There was also endorsed by John E. King, on the original bill of sale of the personal property, this direction: —

"Please deliver this to

" Erel Potter," —

meaning, as the evidence explained, Mr. Zuriel Potter, of Johnston, who was then custodian of the personal property of the late Henry King, and was subsequently appointed, and now is, administrator on his estate.

The answer of William H. King admitted the delivery to him of the envelope containing the deed of trust and bill of sale above, and alleged that "he retained the same in his possession some two or three days, and in the meantime showed the same to said Sylvester Stone, Andrew Moffat and Zuriel Potter, and was requested by said Moffat to let him take said deed of trust, in order to put the same on record, to which the respondent replied: `No; I am going into the city tomorrow, and I will attend to it myself,' or words to that effect; but afterwards, being unwilling to accept and enter upon the execution of said trusts, he neglected to comply with said request, and finally, as he then supposed, as the simplest method of ridding himself of the trouble thereof, and with that intent alone, and with no intent, knowledge, or idea of prejudicing, or in any way affecting the rights of the complainants, or other heirs of the said Henry King thereunder, and without any request to do so by the said John E. King, carried back the said deed of trust to the said John," c.

The answer of John E. King admits, in substance, the execution of the trust deed of the homestead farm, and the sending of the same with the original bill of sale of the personal property, with the direction endorsed thereon and accompanied by the above note from him, to the said William H. King; but in substance, sets up, that William H., refusing to accept the trust, and never having acted under the same, voluntarily came to him and delivered the same up to him to be cancelled, and that he thereupon destroyed said deed. His answer also sets up, with much circumstantiality, that he executed the trust deed under threats reported to him to have been made by some of the complainants against him, that they would shut him up by means of the prosecution against him for adultery, and would also prosecute him for the murder of his father, the said Henry King, and obtain from him the property derived by him from his said father; and that under great alarm and disturbance of mind, caused by such threats, and whilst he was not in his right mind, he executed said deed and sent said bill of sale, and that the said deed was, on that account, void.
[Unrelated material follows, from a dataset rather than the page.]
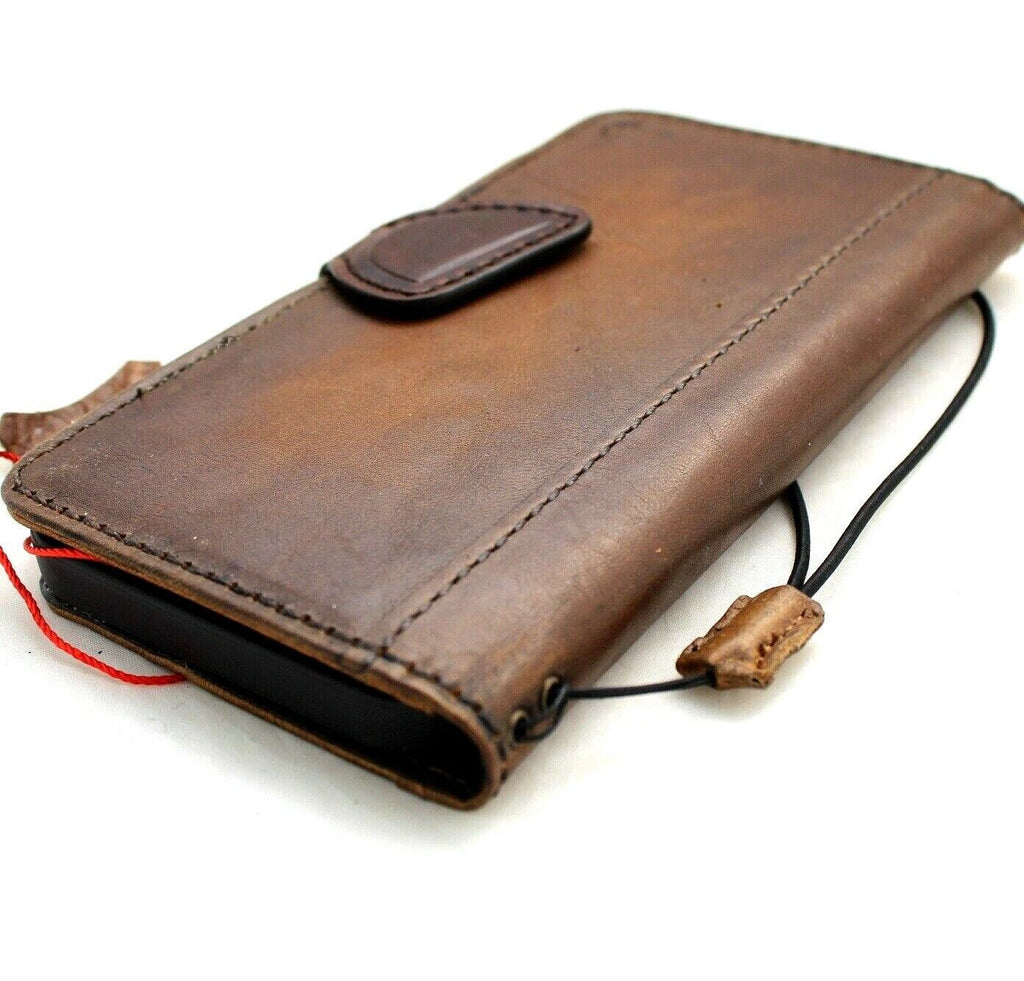 Handmade Leather Wallet Case for Google Pixel: Vintage Magnetic Book Cover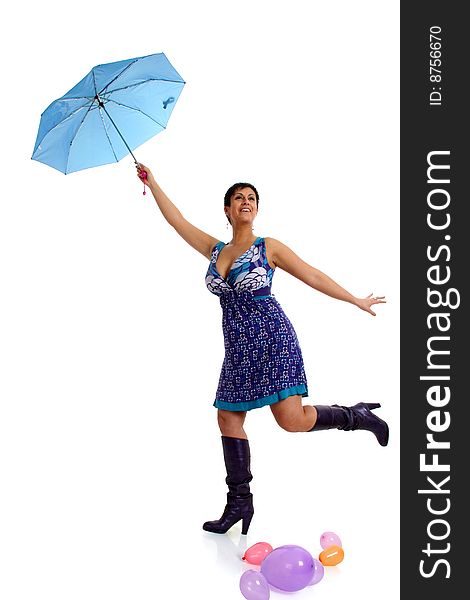 Full body view of woman with blue umbrella in a windy day. Isolated on white background. Full body view of woman with blue umbrella in a windy day. Isolated on white background.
Much testimony was read and given, including that of the two respondents and of the the complainant, Andrew Moffat, in regard to the execution, delivery and destruction of the trust deed, and as to its contents, and the threats and circumstances of duress and oppression set up in the answer in avoidance of the same; but sufficient of this evidence, or of the result of it, will be given in the opinion of the court, to render a statement of it here unnecessarily.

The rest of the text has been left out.